━━━━━ MATERIAL PROVIDED
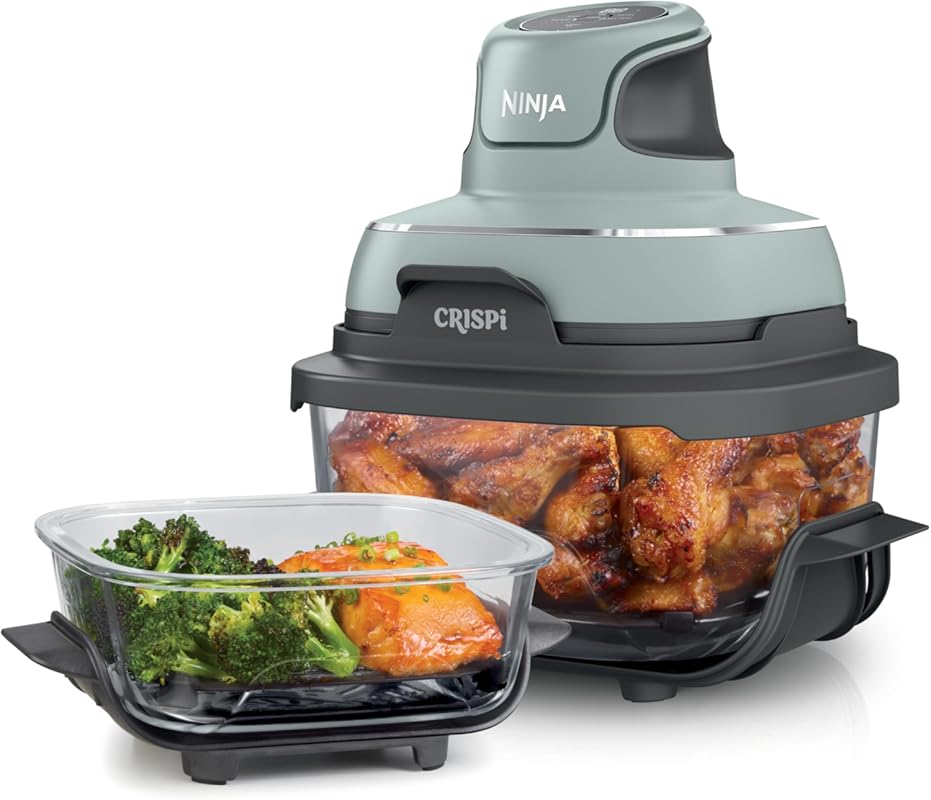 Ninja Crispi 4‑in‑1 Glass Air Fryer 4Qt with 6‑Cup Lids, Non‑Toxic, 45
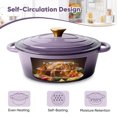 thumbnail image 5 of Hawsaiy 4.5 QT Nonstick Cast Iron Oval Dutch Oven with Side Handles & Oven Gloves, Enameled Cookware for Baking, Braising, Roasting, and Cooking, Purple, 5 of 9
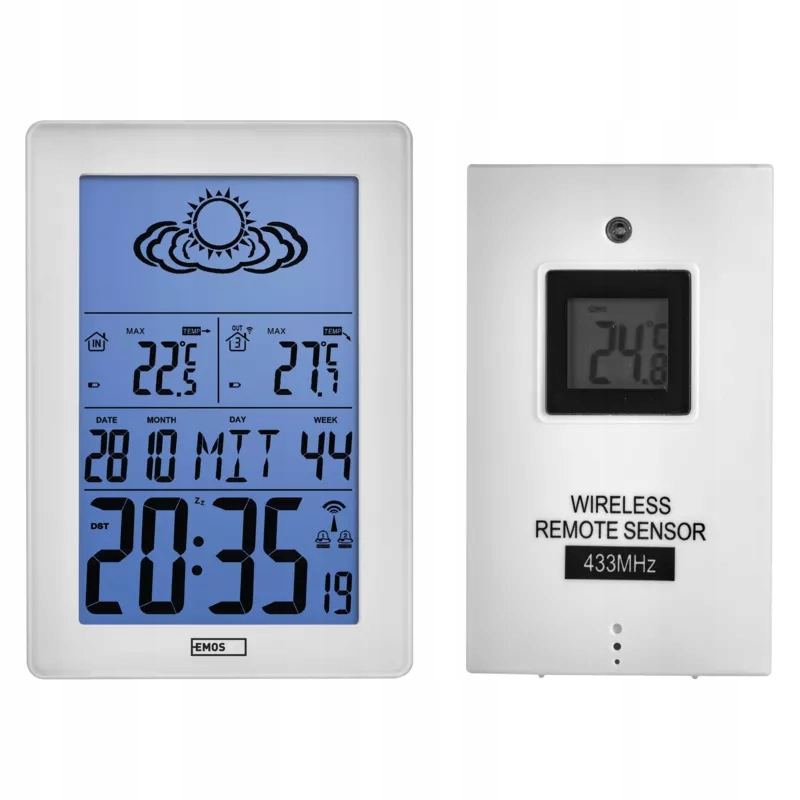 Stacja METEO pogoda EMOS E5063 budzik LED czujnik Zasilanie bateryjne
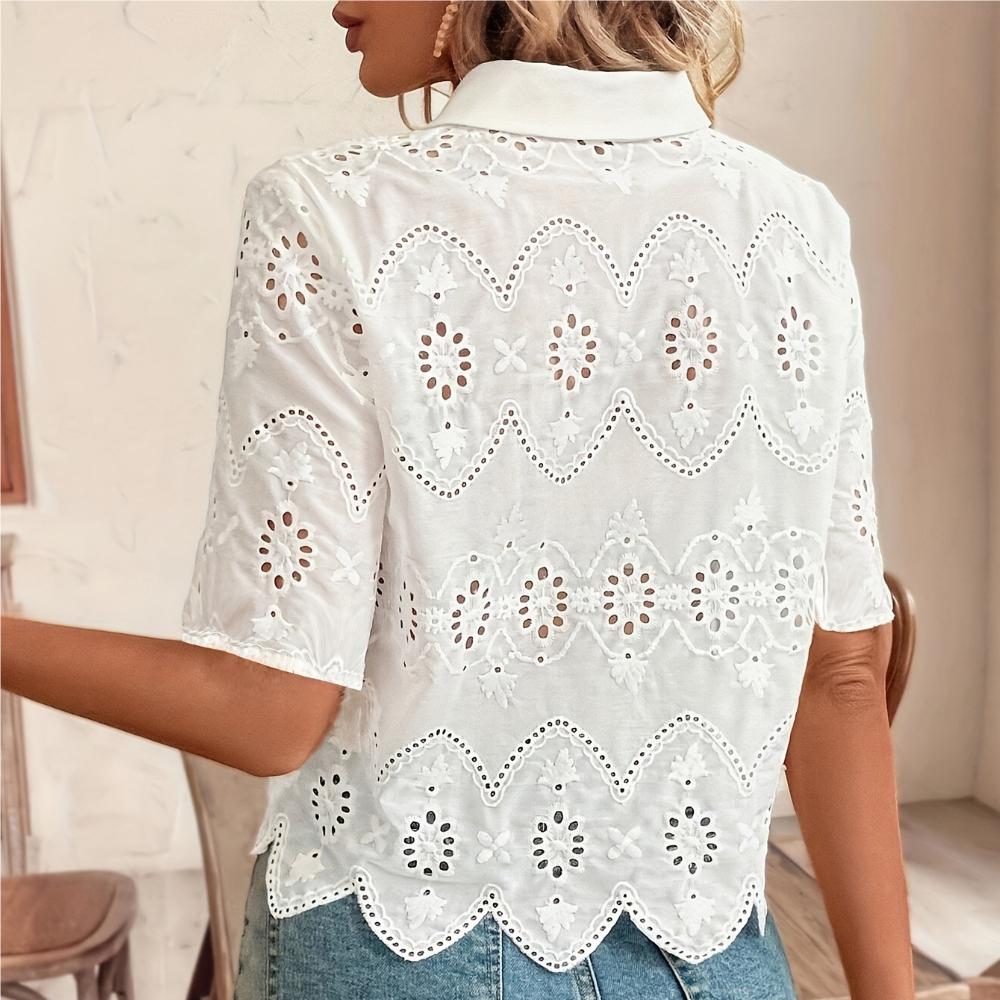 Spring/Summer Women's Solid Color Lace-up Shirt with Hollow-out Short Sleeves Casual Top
━━━━━━━━━━
Write out the lines of the material from the one containing "thumbnail image 5" through the last, exactly and only those. Leave every picture out.

 thumbnail image 5 of Hawsaiy 4.5 QT Nonstick Cast Iron Oval Dutch Oven with Side Handles & Oven Gloves, Enameled Cookware for Baking, Braising, Roasting, and Cooking, Purple, 5 of 9
 Stacja METEO pogoda EMOS E5063 budzik LED czujnik Zasilanie bateryjne
 Spring/Summer Women's Solid Color Lace-up Shirt with Hollow-out Short Sleeves Casual Top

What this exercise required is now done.